> Entries supplied:
____

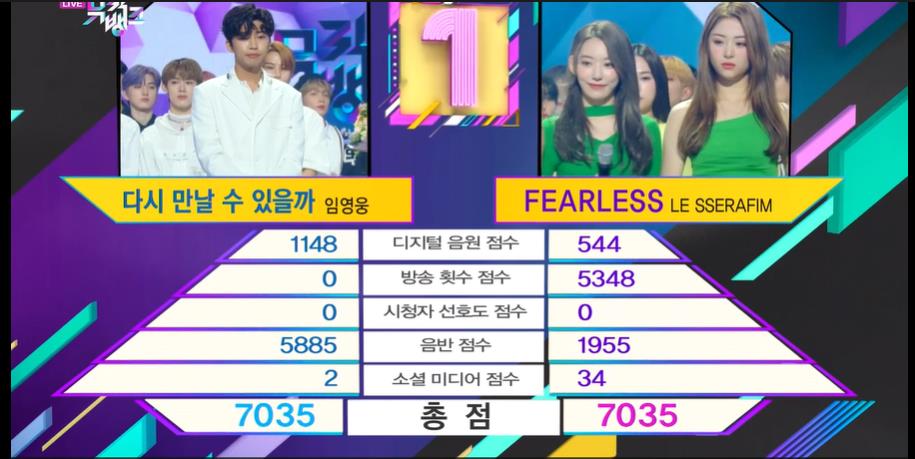 ▲이달 13일 방송된 KBS '뮤직뱅크' 1위 선정 장면. (연합뉴스)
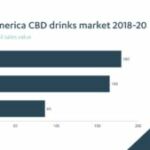 CBD beverages marketplace faces stumbling blocks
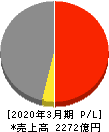 リョーサン 損益計算書 2020年3月期 リョーサン 損益計算書 2020年3月期
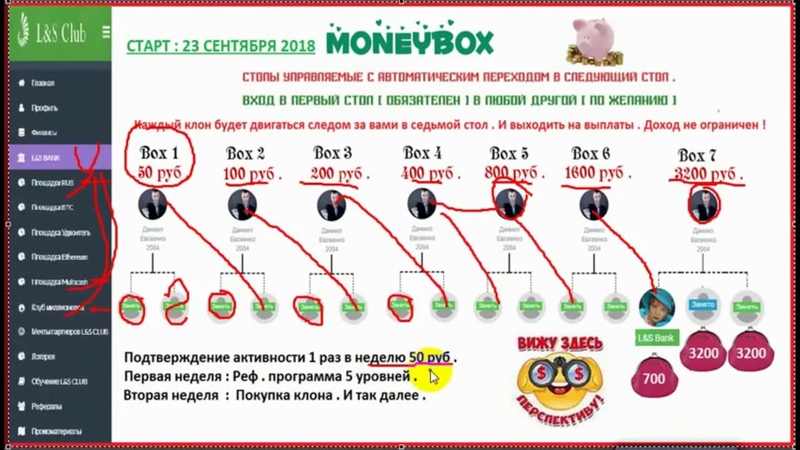 Площадка MoneyBox копилочка LS Club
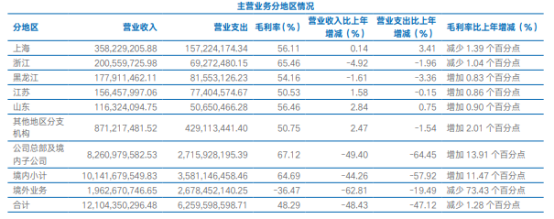 注:上图为海通证券分地区业务情况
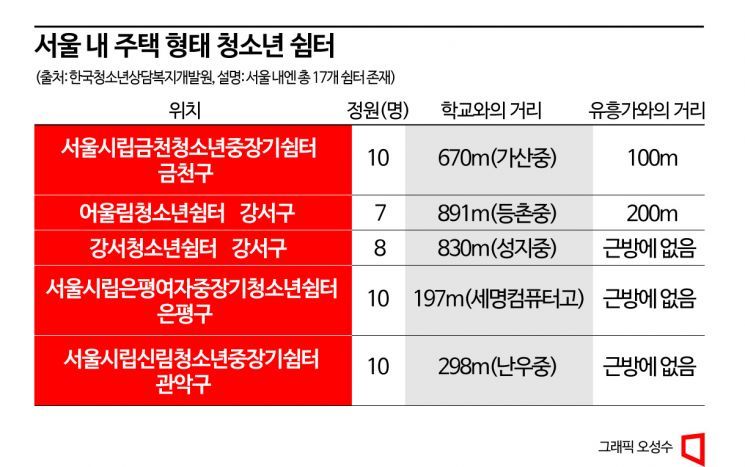 [길잃은 청소년①]유흥가에 자리 잡은 청소년 쉼터
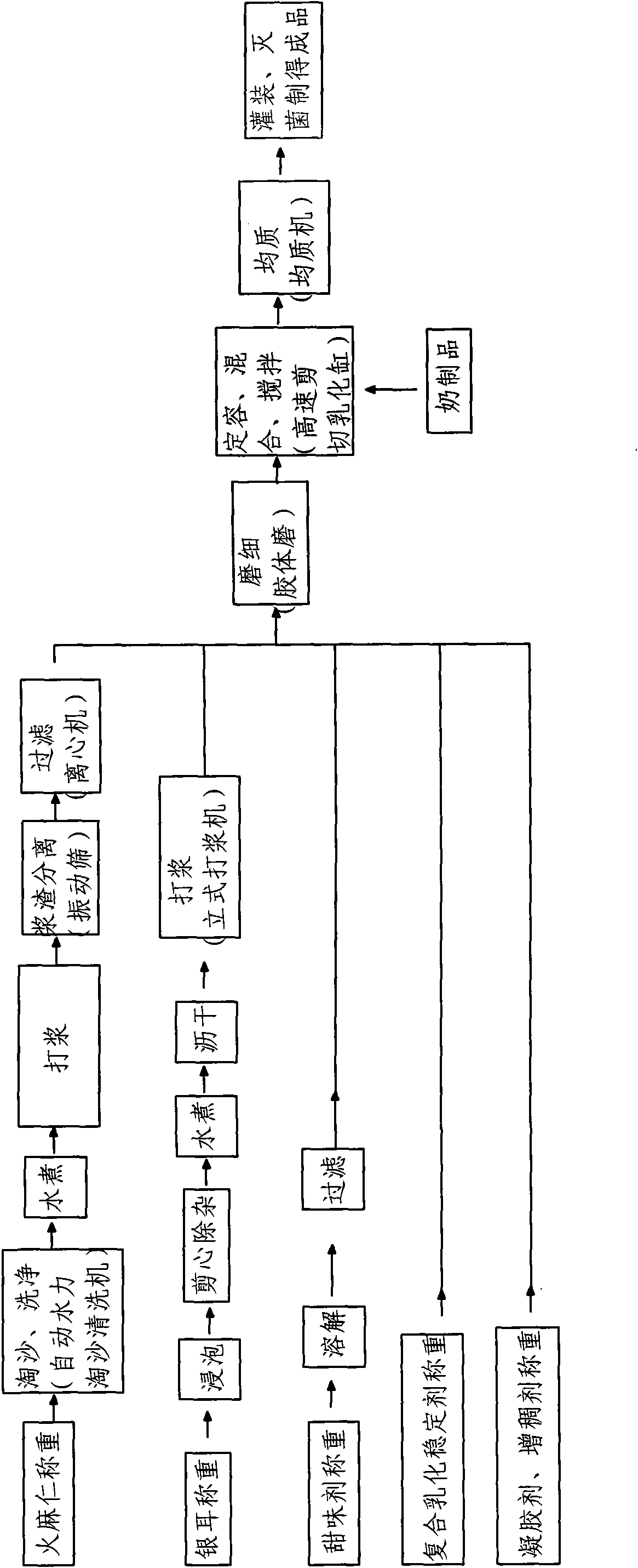 White jellyfungus and fructus cannabis beverage food and preparation method thereof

____

> Task instructions: Copy the listing exactly. Leave the pictures out.

> Solution to the exercise:
 ▲이달 13일 방송된 KBS '뮤직뱅크' 1위 선정 장면. (연합뉴스)
 CBD beverages marketplace faces stumbling blocks
 リョーサン 損益計算書 2020年3月期 リョーサン 損益計算書 2020年3月期
 Площадка MoneyBox копилочка LS Club
 注:上图为海通证券分地区业务情况
 [길잃은 청소년①]유흥가에 자리 잡은 청소년 쉼터
 White jellyfungus and fructus cannabis beverage food and preparation method thereof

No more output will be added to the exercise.